I'm all for patriotism, but is there a point at which things can go too far?
Suppose, for example, that Florida's House now passes a law requiring that a flag be flown from all vehicles. Given the number of flags flapping on the roads here in Massachusetts, a law probably isn't necessary, but bear with me.
A nice touch of patriotism, perhaps—but at what price? Mounting anything to a vehicle's antenna will result in added drag and lower fuel consumption. To determine the exact impact, I sought out Fred Browand, a professor of Aerospace & Mechanical Engineering at the University of Southern California who specializes in vehicle aerodynamics.
Browand calculates that the increase in drag produced by
a 10 by 15 inch flag mounted on an SUV traveling at 60 mph is 1-2%, depending on
the weight of the flag material. At highway speeds, a 2% drag increase will
increase fuel consumption by approximately 1%. (For complete calculations, see below.)
Assuming a fuel economy of 20 mph, that works out to only about one extra gallon of gas for every 2,000 miles driven—or about 5 gallons per year. As Browand points out, that's no big deal. No small potatoes, though, when you consider that some 11.4 million vehicles are currently registered in Florida.

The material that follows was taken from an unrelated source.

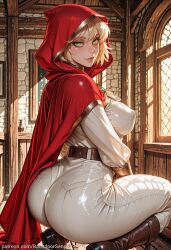ai_generated ass backdoorsenpai big_ass blonde_hair boots breasts brown_belt brown_boots curvy egao elden_ring female fromsoftware golden_trim_on_hood green_brooch green_eyes green_jewel highres hood hooded_cloak large_pants leather_belt looking_at_viewer masterpiece medium_breasts perky_breasts red_cloak red_hood roderika_(elden_ring) short_hair squatting thick_thighs thighs ultra-detailed white_dress white_pants wide_hips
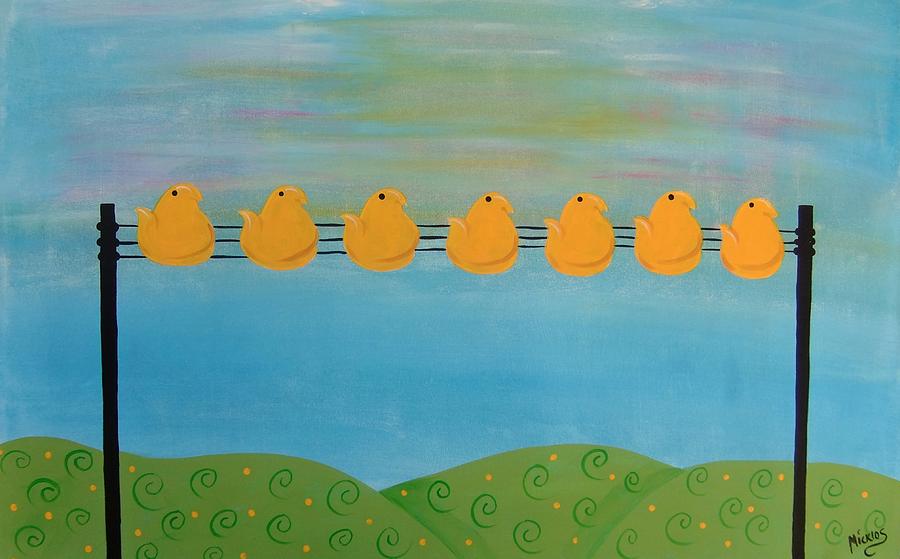 Birds Peeps On A Wire Whimsy Painting by Cindy Micklos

Florida would do better to pass a law requiring flags to be posted inside vehicles. Better yet, leave it to each of us to decide how we want to express our patriotism.
The price for
Drag of a Flag
Assume the size of a typical small flag is, say 10" by 15". Mount the flag in
the airstream above the car window or on the antenna, and—with help from the
classic, go-to book for drag estimates by Hoerner (now out of print)—you may
estimate that a typical light truck, minivan or SUV would experience a drag
increase of 1%-2% depending upon the weight of the flag material. (This estimate
includes the drag of the flag support, and takes account of a 20% increase in
speed locally in the vicinity of the flag.) Two flags would have twice this drag
S.F. Hoerner, Fluid dynamic drag: practical information on aerodynamic
drag and hydrodynamic resistance, [Midland Park, NJ], (1965).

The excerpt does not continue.